#### Work request
Please write out every line of the material, leaving out any picture.

#### Information provided
◇ ◇ ◇ ◇ ◇ ◇ ◇
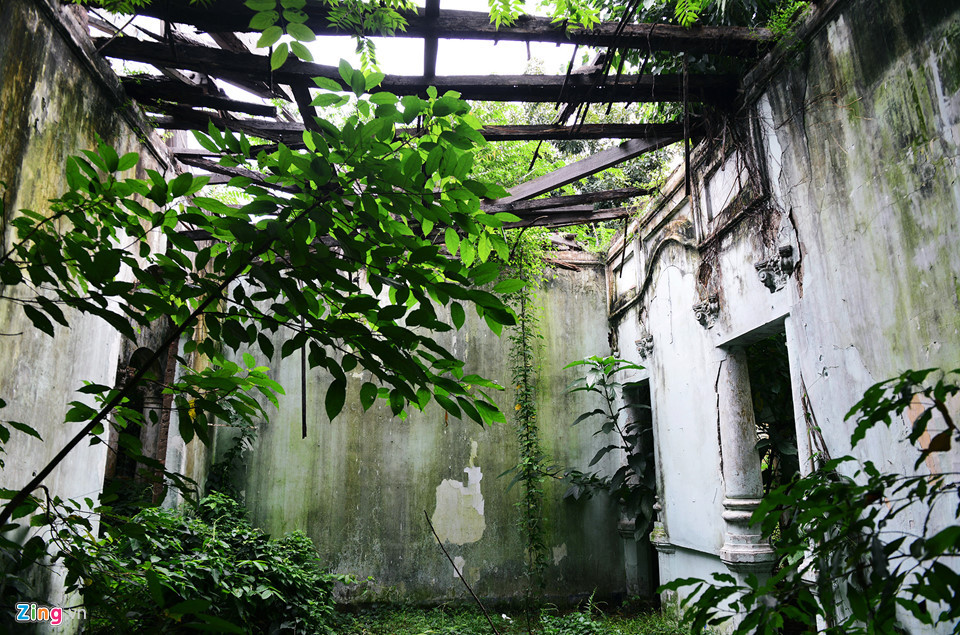 Do bị cây cối, cỏ dại bao trùm, bờ tường riêu phong nên khung cảnh bên trong khá ghê rợn.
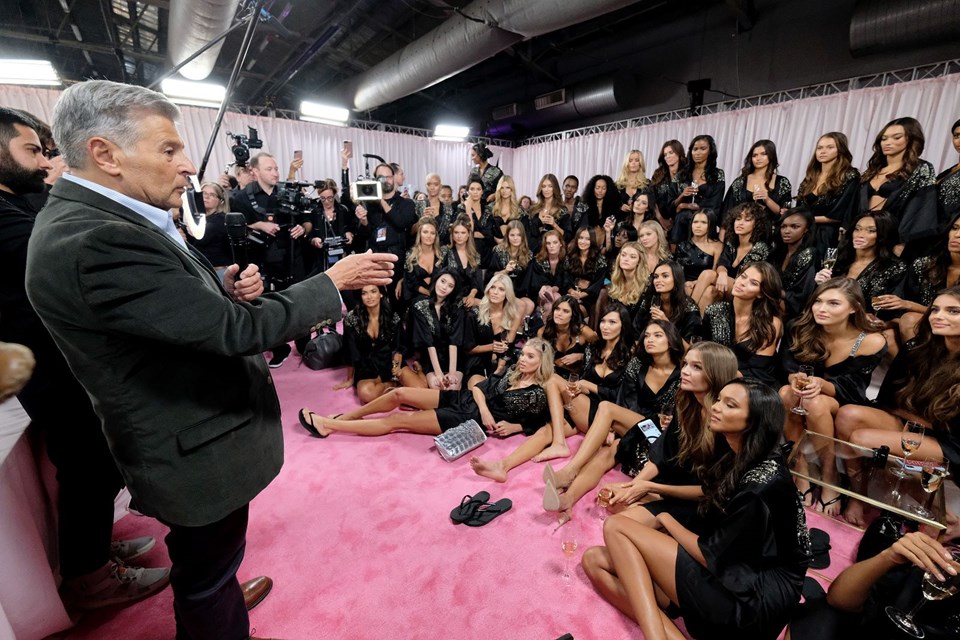 Rihanna'dan Victoria's Secret'a büyük tepki!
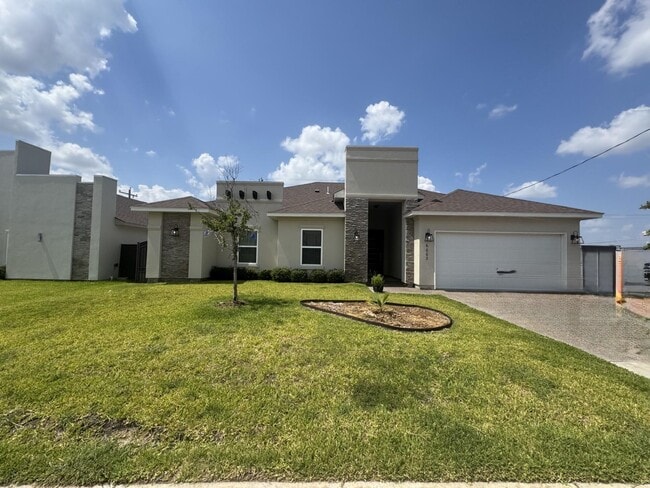 Building Photo - 6002 Amir Dr Rental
◇ ◇ ◇ ◇ ◇ ◇ ◇
#### Answer box
 Do bị cây cối, cỏ dại bao trùm, bờ tường riêu phong nên khung cảnh bên trong khá ghê rợn.
 Rihanna'dan Victoria's Secret'a büyük tepki!
 Building Photo - 6002 Amir Dr Rental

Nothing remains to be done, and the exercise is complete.